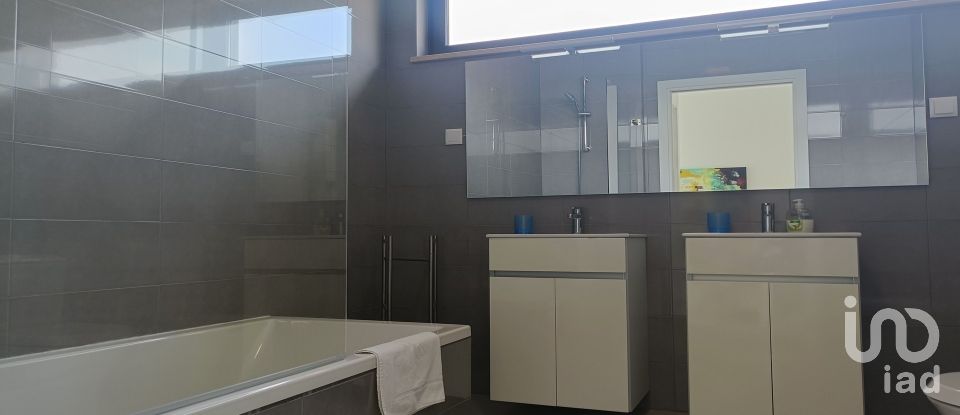 Moradia T3 em Tornada e Salir do Porto de 142 m²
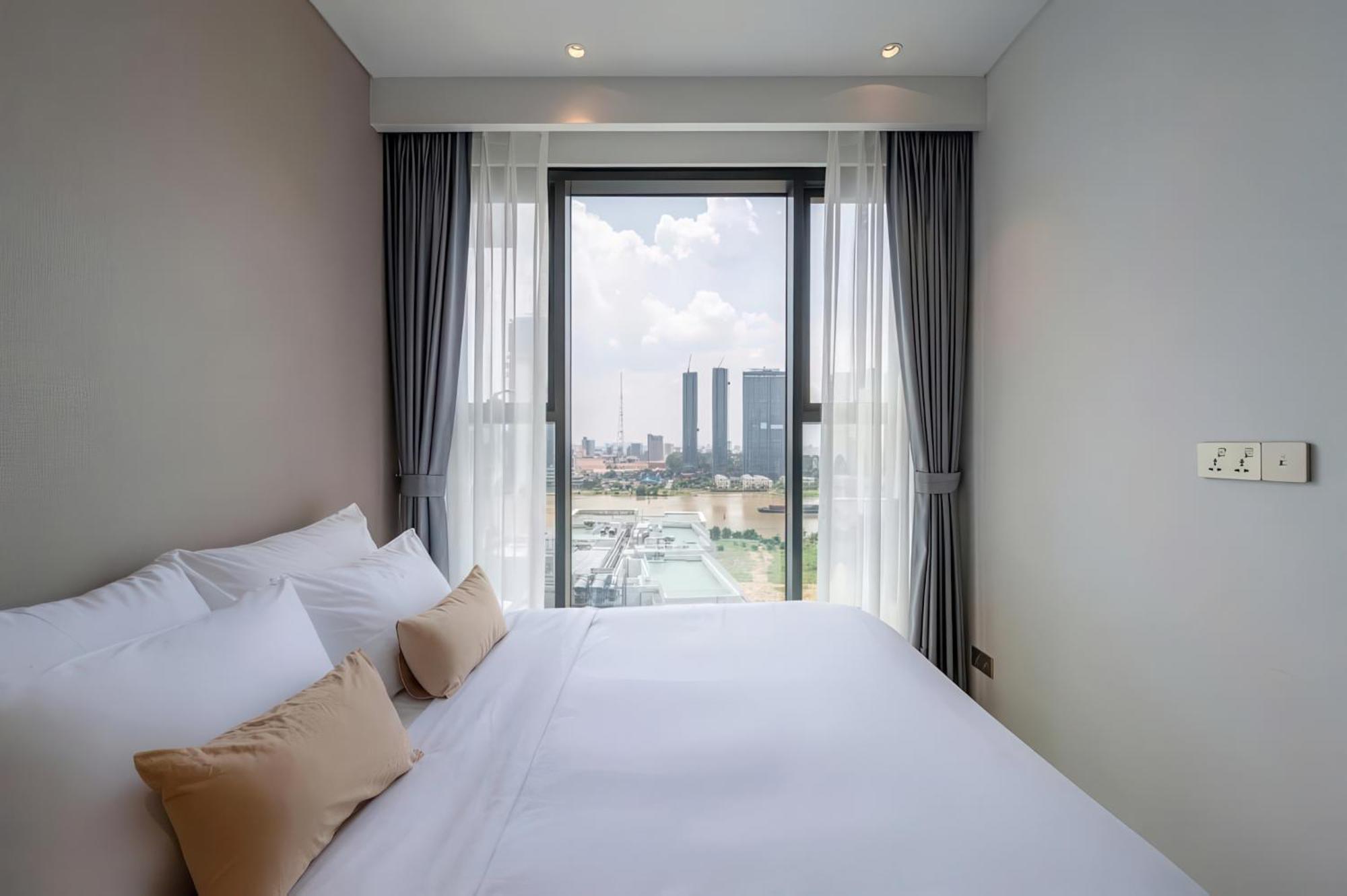 The Metropole - Horizon View Riverside D2 *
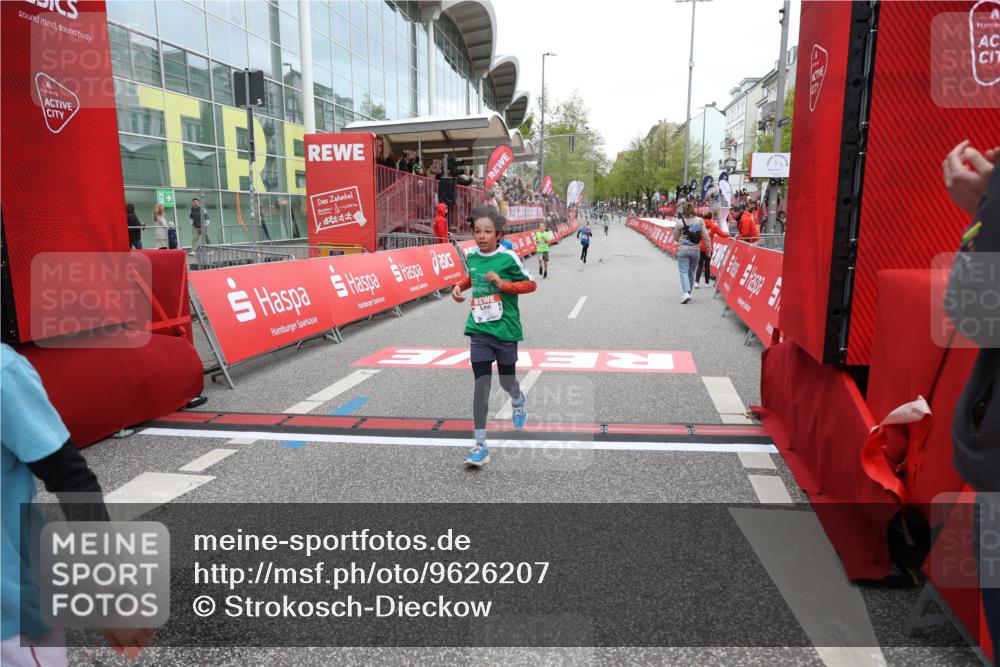 25.04.2026 - Das Zehntel Strokosch-Dieckow http://msf.ph/oto/9626207 25.04.2026 10:49:08 Ziel 5905, 6685, 6889, 6906, 7315, 7549, 7696, 7738 meine-sportfotos.de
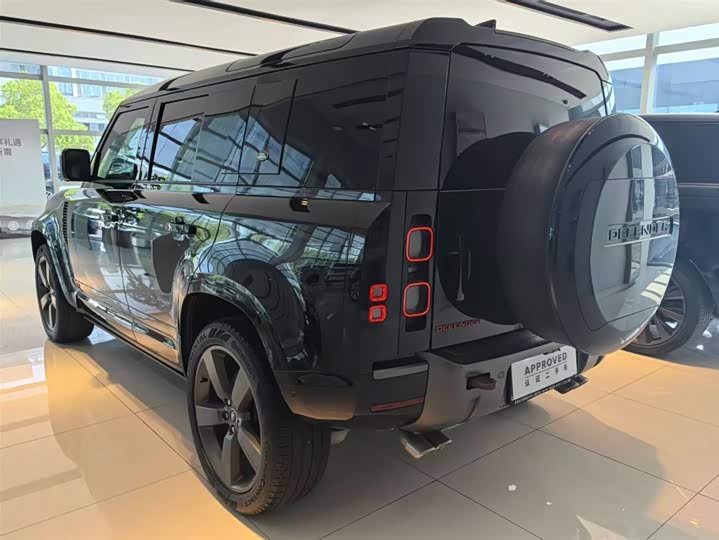 Land Rover Defender, 2022 — фото 4 из 9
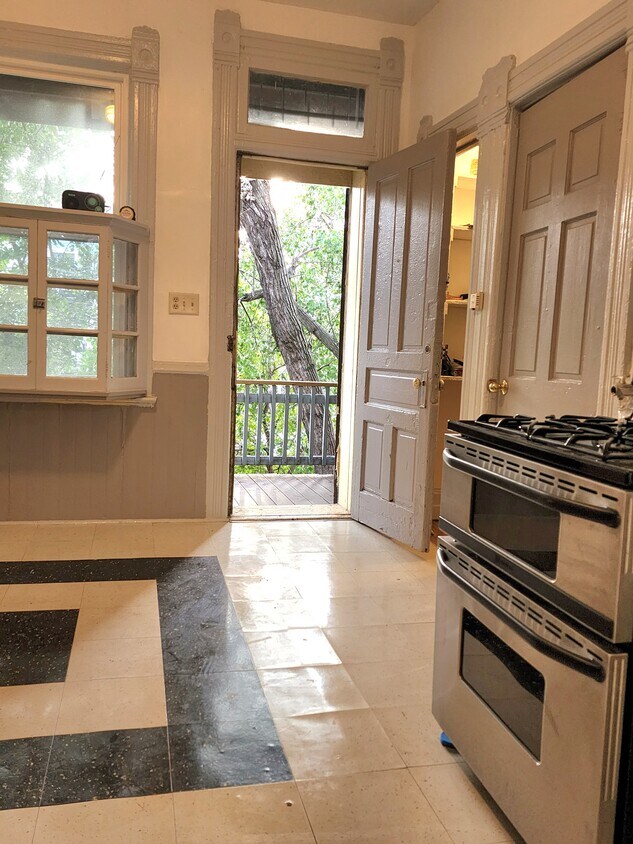 Foto principal - 1322 N Greenview Ave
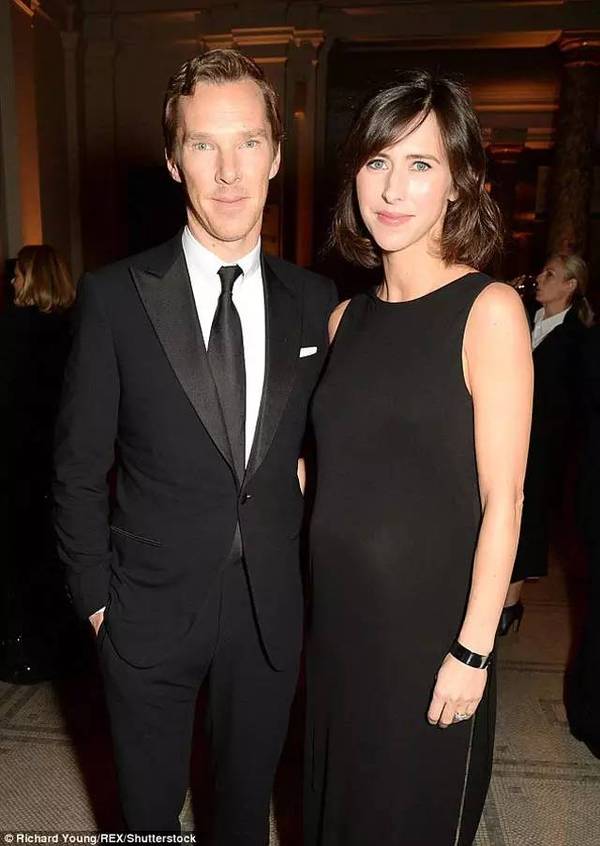 一不小心又被"卷福"本尼和他老婆撒了一脸的狗粮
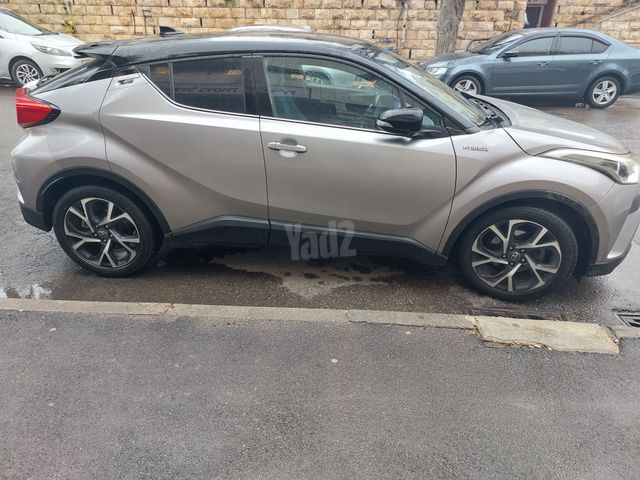 מודעת רכב טויוטה C-HR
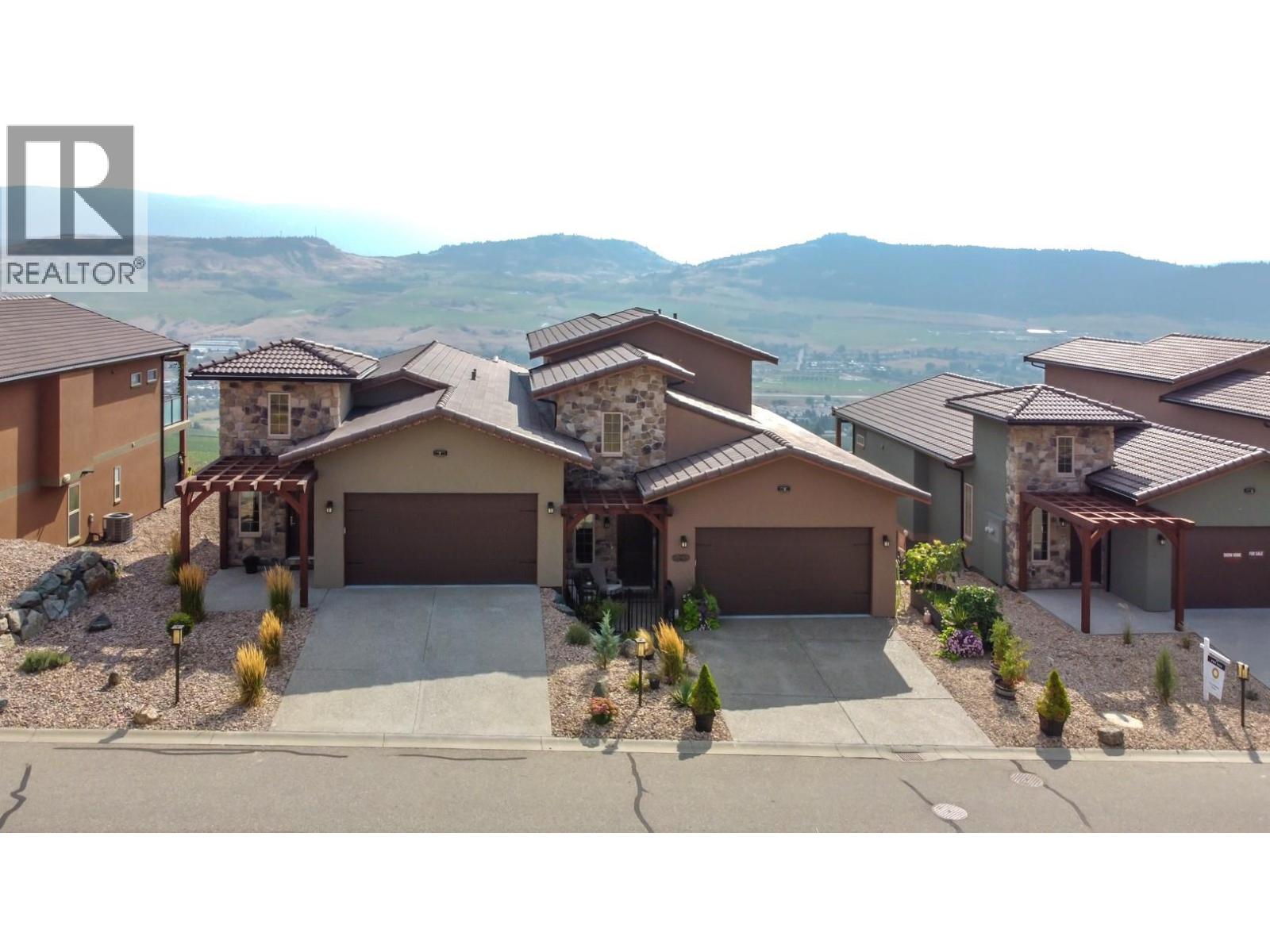 8 595 Vineyard Way North, Vernon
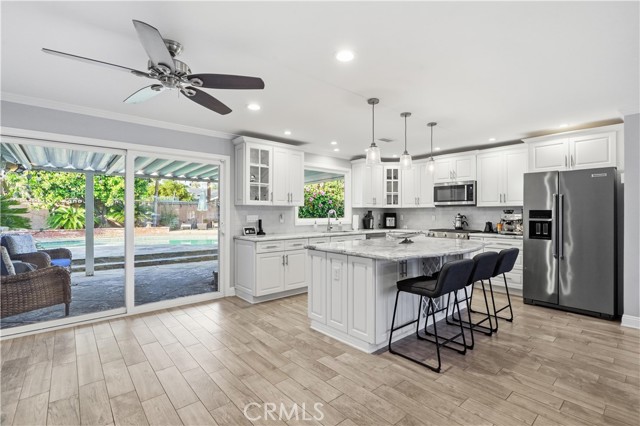 Detail Gallery Image 8 of 30 For 19833 Blythe, Winnetka,  CA 91306 - 3 Beds | 2 Baths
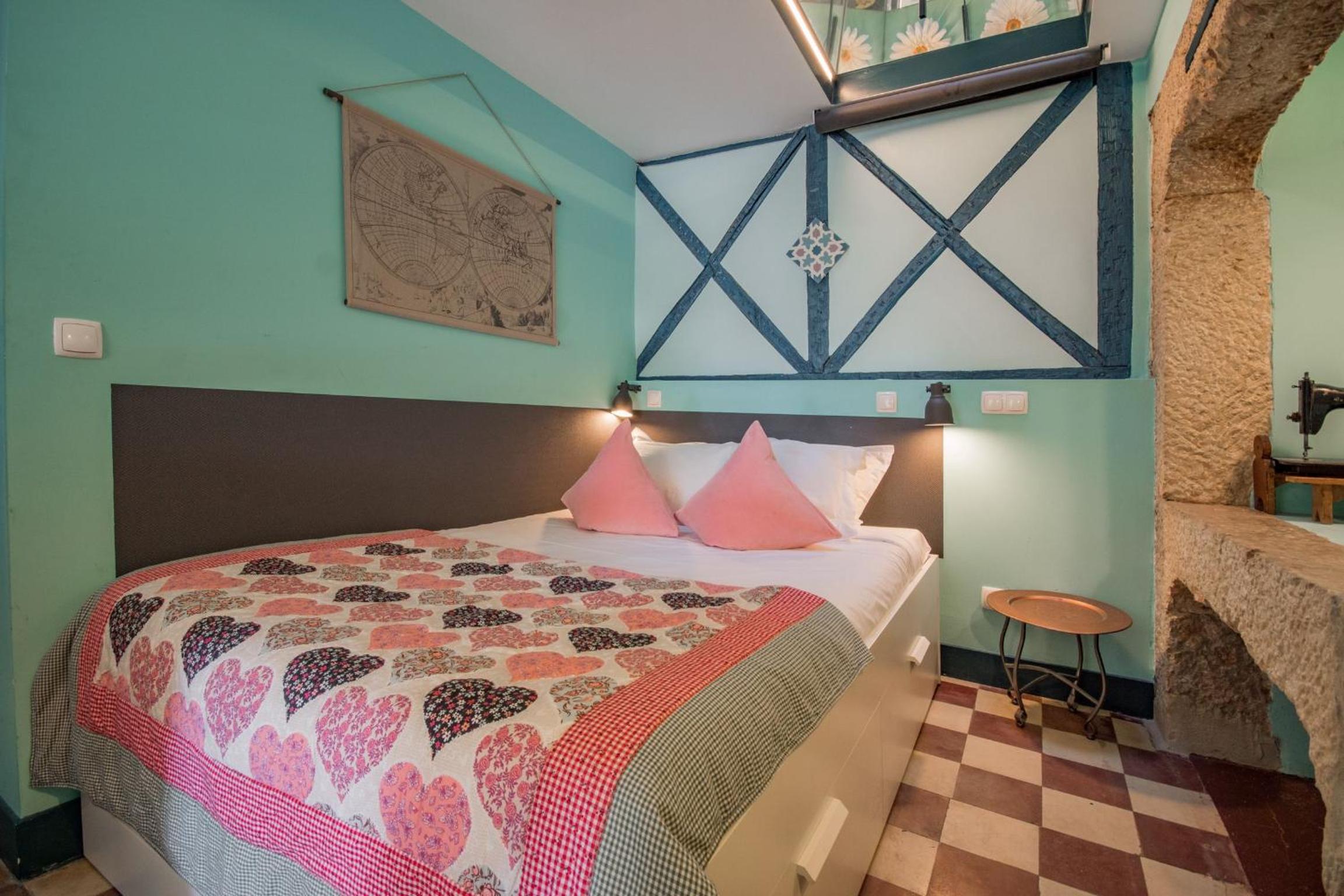 Lisbon Heart Apartments - White Apartment by LovelyStay view 2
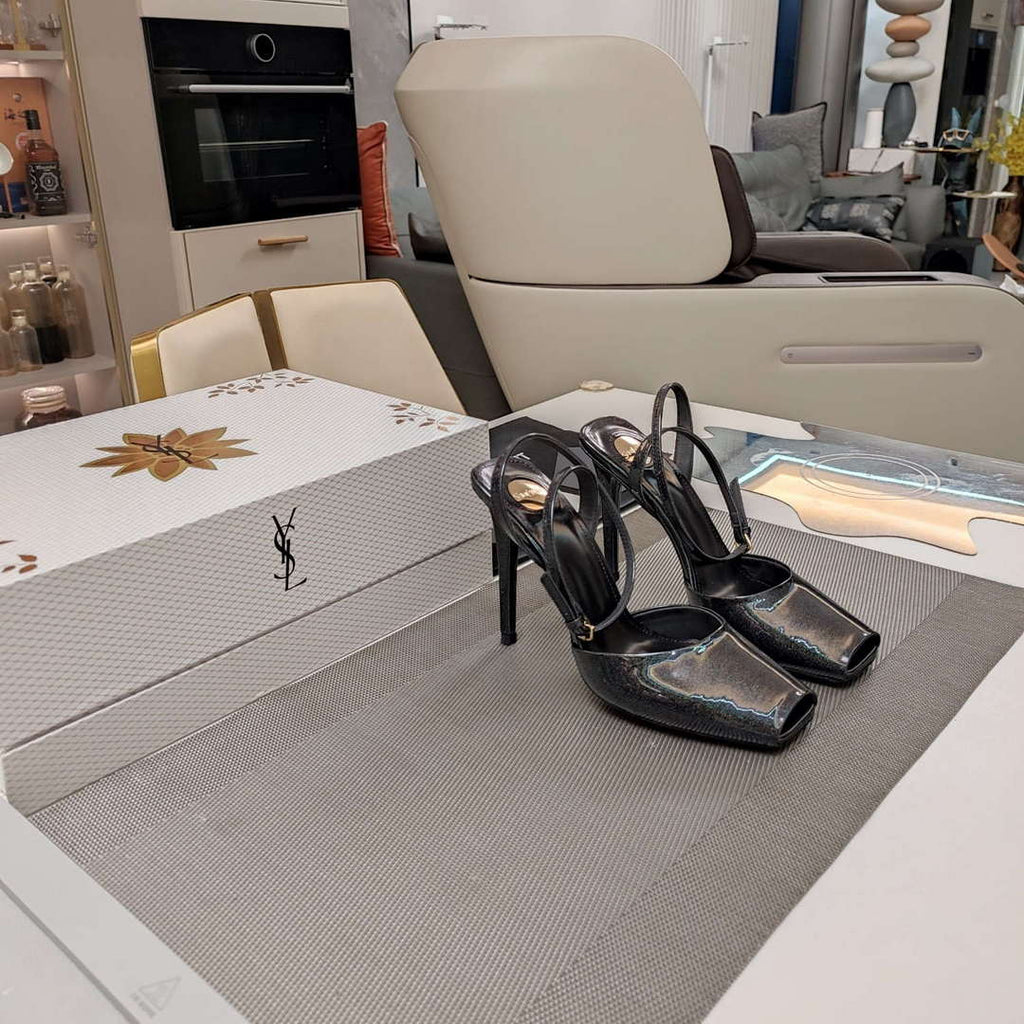 YSL Women's la Scandale Sandals in Patent Leather Y20182
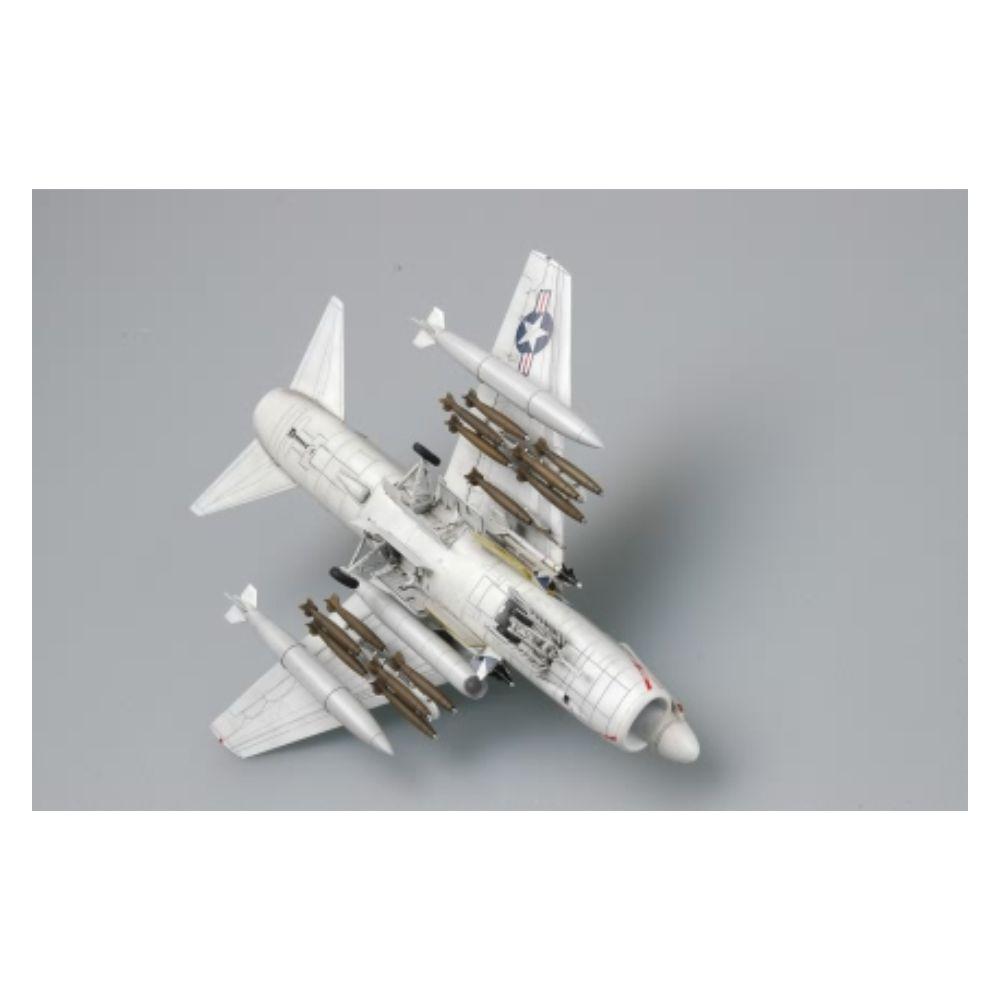 Hobbyboss 1:72 Ta-7C Corsair II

========================

Word for word, repeat the lines of data above, omitting every picture.

 Moradia T3 em Tornada e Salir do Porto de 142 m²
 The Metropole - Horizon View Riverside D2 *
 25.04.2026 - Das Zehntel Strokosch-Dieckow http://msf.ph/oto/9626207 25.04.2026 10:49:08 Ziel 5905, 6685, 6889, 6906, 7315, 7549, 7696, 7738 meine-sportfotos.de
 Land Rover Defender, 2022 — фото 4 из 9
 Foto principal - 1322 N Greenview Ave
 一不小心又被"卷福"本尼和他老婆撒了一脸的狗粮
 מודעת רכב טויוטה C-HR
 8 595 Vineyard Way North, Vernon
 Detail Gallery Image 8 of 30 For 19833 Blythe, Winnetka,  CA 91306 - 3 Beds | 2 Baths
 Lisbon Heart Apartments - White Apartment by LovelyStay view 2
 YSL Women's la Scandale Sandals in Patent Leather Y20182
 Hobbyboss 1:72 Ta-7C Corsair II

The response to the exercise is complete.